Description
1929 Series $10 FIRST NATIONAL BANK OF GALLITZIN, PENNSYLVANIA. SERIAL A000426
CHARTER #14181 TYPE #2
One of #3 Small size known in the census for this Cambria County Bank. #0 Large Size.
We graded this one as Very Good to Fine condition. It has some splits from wear and a pen ink notation on the back reading “pulled from circulation in 1943,” but it’s still intact with plenty of body left. This note would now be the third known in the census, alongside the only other two small-size notes—a $5 and a $20—both also graded VG. A rare national from the middle of the state, with just two others known and no large-size examples.

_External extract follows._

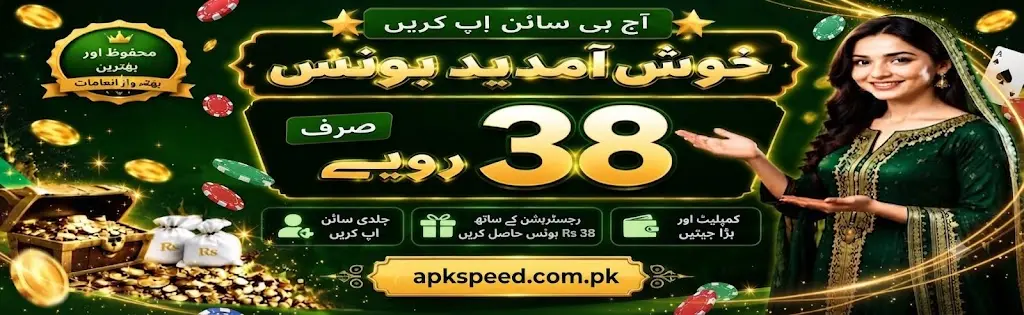 PKRAAH Game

By the early 1700s, the Delaware people still living along the eastern seaboard were increasingly treated as bad or worse than slaves, and displaced clear across the breadth of Pennsylvania to beyond the Allegheny Front, where they settled along the rivers of Western Pennsylvania. One of their larger settlements, and closest to the gaps of the Allegheny, was the Amerindian town of Kittanning along the middle reaches of the Allegheny River. These towns would generally ally themselves with the French during the French and Indian War, causing settlers in central Pennsylvania to mount a guard and patrol on the gaps. By the late 1700s, the remnant Seneca and Cayuga that became known as the Ohio Iroquois or Mingo would have ranged the area, especially because they were known to make their towns along defensible hill tops and kept to the uplands. With iron and coal discovered west of the gaps, white settlers began traveling west through the area around the time the American Revolution came to a close. By 1824, the visionary Main Line of Public Works legislation had been debated and signed and the construction of the Allegheny Portage Railroad soon began aiming to connect Pittsburgh and the Ohio Country to Philadelphia by canals. In 1838, this plan was altered to incorporate the rapidly-developing and ever more capable railroad technology. In 1845, the Pennsylvania legislature required the new Pennsylvania Railroad to cross the mountains, and the surveyed route would create Gallitzin, which began life as ‘Summit Tunnel’.